◆ **Work to be completed**: Beginning with the line that contains "Christian Pulisic pointing", reproduce the remaining lines of the material exactly, up to and including the last one, but no pictures.

◆ **Dataset section**:
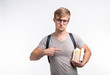 © satura_ - Reading, education, people concept - a young student man show you his books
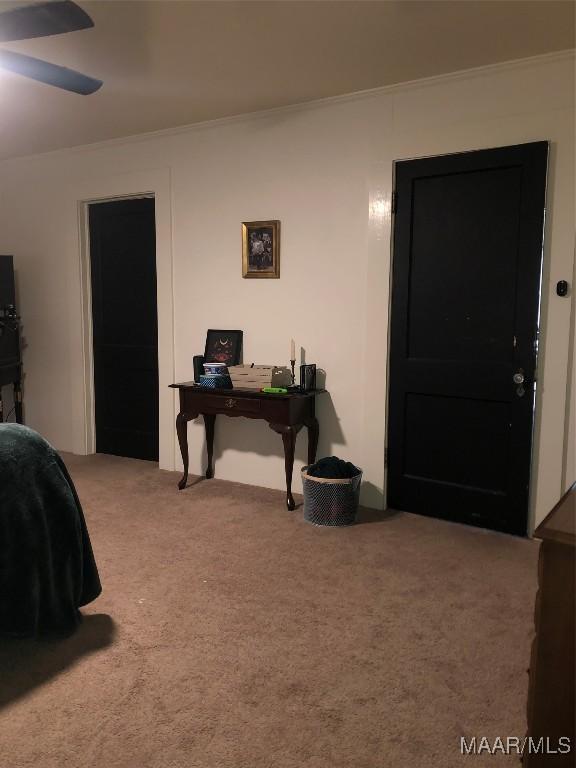 carpeted bedroom featuring crown molding and ceiling fan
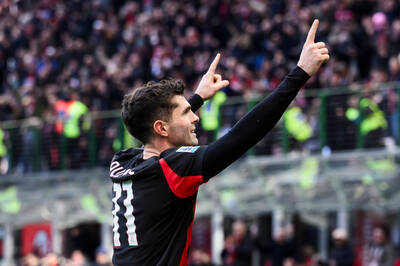 Christian Pulisic pointing with both hands raised while celebrating a goal for AC Milan.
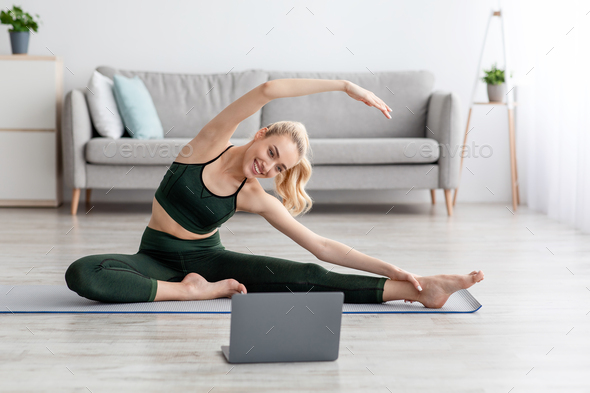 Active woman doing stretching exercise in living room at home - Stock Photo - Images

◆ **Exercise result**:
 Christian Pulisic pointing with both hands raised while celebrating a goal for AC Milan.
 Active woman doing stretching exercise in living room at home - Stock Photo - Images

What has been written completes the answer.